We can confirm these are Enumerator objects:

m.times.class      # => Enumerator
0.upto(m-1).class  # => Enumerator

The other main classes that include Enumerable are Array, Hash, Set, Range and IO (but, since Ruby 1.9, not String), so we could also do this:

Array(0...m).select{|i| V.include? A[i]}    # => [0, 3]
(0...m).select{|i| V.include? A[i]}         # => [0, 3]
require 'set'
Set.new(0..m-1).select{|i| V.include? A[i]} # => [0, 3]
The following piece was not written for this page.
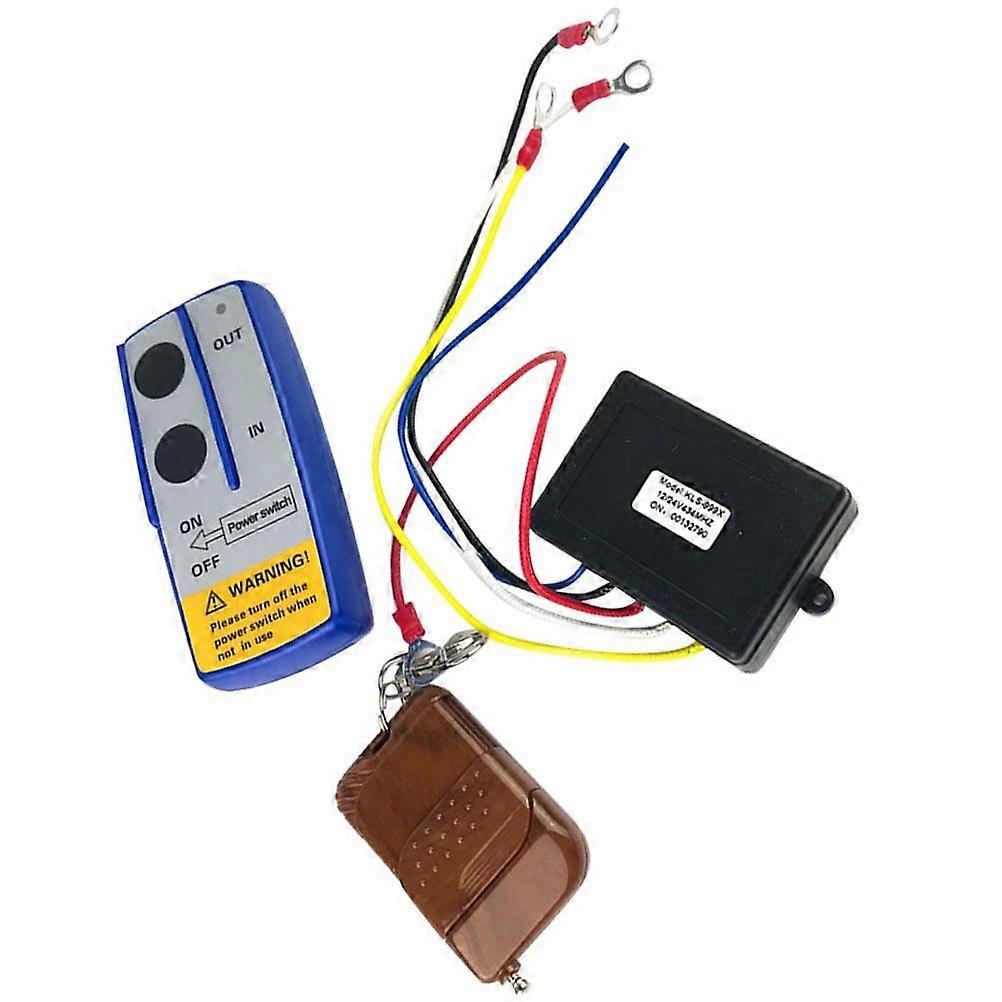 12V Wireless Winch Remote Controller for Car Accessories and Truck Accessories Made of Abs Electronic Copper with Durable Quality 1Set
Note that, regardless of the receiver's class, select returns an array. Most (but not all) Enumerable methods that return a collection, return an array, regardless of the receiver's class.

Answer 2

If V is a Set of data (order doesn't matter, no duplicates), and it is large, then you might get a performance benefit by converting it to a Set so that the include? runs faster since Set is built on a hash and gets O(1) retrieval time:

require 'set'
A = ["a","s","p","e","n"]
V = Set.new ["a","e","i","o","u"]
A.each_index.select{|i| V.include? A[i]} # => [0, 3]

Answer 3

Here is how I would do:

A = ["a","s","p","e","n"]
V = ["a","e","i","o","u"]
A.each_index.select{|i| V.include? A[i]} # => [0, 3]